Şimşek, 2016'da istihdamın da beklentilerin altında olduğuna işaret ederek, "Özetle bu sene bir takım iç ve dış şoklar nedeniyle OVP rakamlarında sapmalar var ama bunlara eğer biz doğru tepki verirsek ki vermeye çalışıyoruz, bunlar geçici iniş çıkışlar olur. Türkiye hızlı bir şekilde 2017 yılında zemin kazanacak, tekrar bir çıkış yaşayacak" değerlendirmesinde bulundu.
Perspektif verme açısından OVP'nin önemli olduğunu belirten Şimşek, programda 2017 yılına ilişkin çalışmaların derinlemesinin yer alacağını, 2018, 2019'a ilişkin de orta vadeli hedefler ve temennilerin bulunacağını kaydetti.
OVP'de tüm makro hedeflerin revize edileceğine dikkati çeken Şimşek, ancak rakamlara ilaveten esas odaklanması gereken alanlardan birinin reform çabaları olduğunu vurguladı. Şimşek, "Neler önceliklendirilecek, neler ön plana çıkacak, şimdi bu hafta bir de onu çalışıyoruz. Genelde hükümetlerin eylem planlarında reform konuları takvimlendirilir, önceliklendirilir. Biz OVP'de temel teşkil edecek hangi reformları önceliklendireceğimizin de kurgusunu yapacağız." diye konuştu.
Küresel büyümenin zayıf olmasının Türkiye'nin cari açığını da olumsuz etkilediğine dikkati çeken Şimşek, bunun dış talebin de zayıf olması anlamına geldiğini söyledi.

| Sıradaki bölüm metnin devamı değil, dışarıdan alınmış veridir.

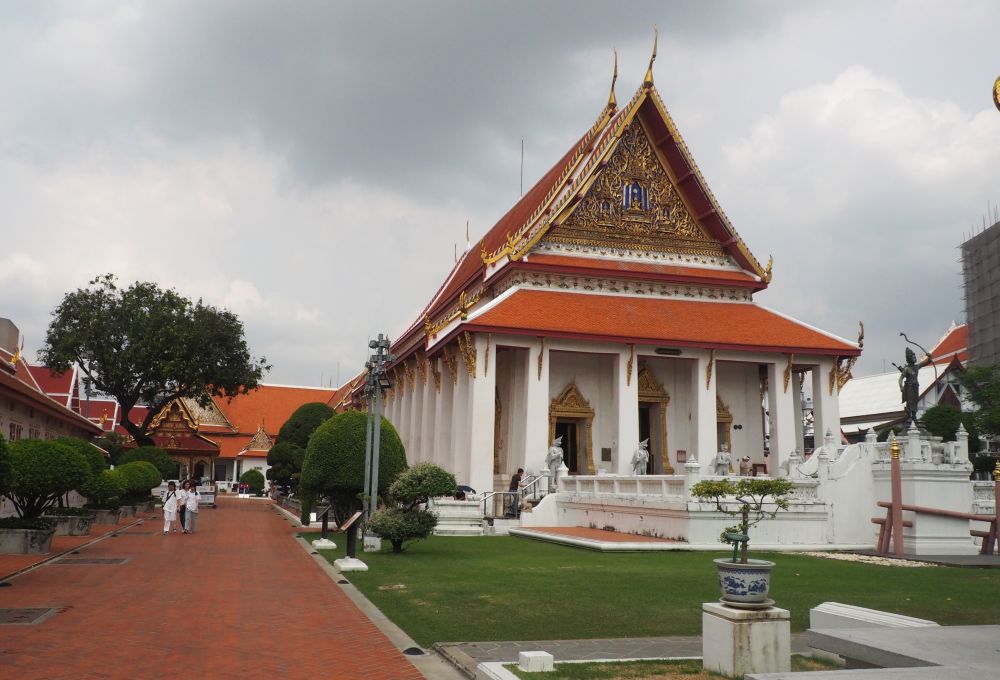 Typical Thai temple architecture: red roof with eaves extending beyond the white building, pillars across the front.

İngiltere ile yeni nesil ticaret anlaşması
İngiltere ile Türkiye'nin serbest ticaret anlaşması imzalamasıyla ilgili resmi bir talep olup olmadığına ilişkin Şimşek, İngiltere'nin AB'den ayrılma kararının (Brexit) popülizm ve korumacılığın bir yansıması olduğunu söyledi. Şimşek, şöyle devam etti:
"Aslında İngiltere kendi kendini ayağından vurmuştur ve eminim pişmanlık içerisindedir. Dünya ekonomisi bu refah seviyesine daha çok ticaretle ulaşmıştır, daha az ticaretle değil, daha çok entegrasyonla ulaşmıştır, daha çok korumacılıkla değil. Bildiğim kadarıyla yakın dönemde Ekonomi Bakanımız İngiltere'ye gittiğinde onların ticaret bakanıyla yaptıkları bir toplantıda prensip olarak İngiltere ile yeni nesil bir ticaret anlaşması üzerinde anlaşmışlar. Yani sadece malların serbest dolaşımı değil, hizmetlerin de serbest dolaşımı, kamu alımları ve tarım ürünlerini de kapsayacak şekilde... Aslında bizim şu anda AB ile güncellemeye çalıştığımız yeni nesil gümrük anlaşmasına benzer bir anlaşmayı İngiltere ile prensip olarak süreci başlatma kararı alındı. İngiltere de zaten AB'den çıkışın etkilerini sınırlamak için canla başla, bütün dünyayla bir entegrasyon sürecini derinleştirmeye çalışıyor. Hızla ABD, Kanada, Türkiye, AB ile yeni bir ticaret anlaşması çabasında. Zaten o anlaşmalara şekil vermeden, o anlaşmalarla bir noktaya gelmeden de AB'den çıkmak istemiyor."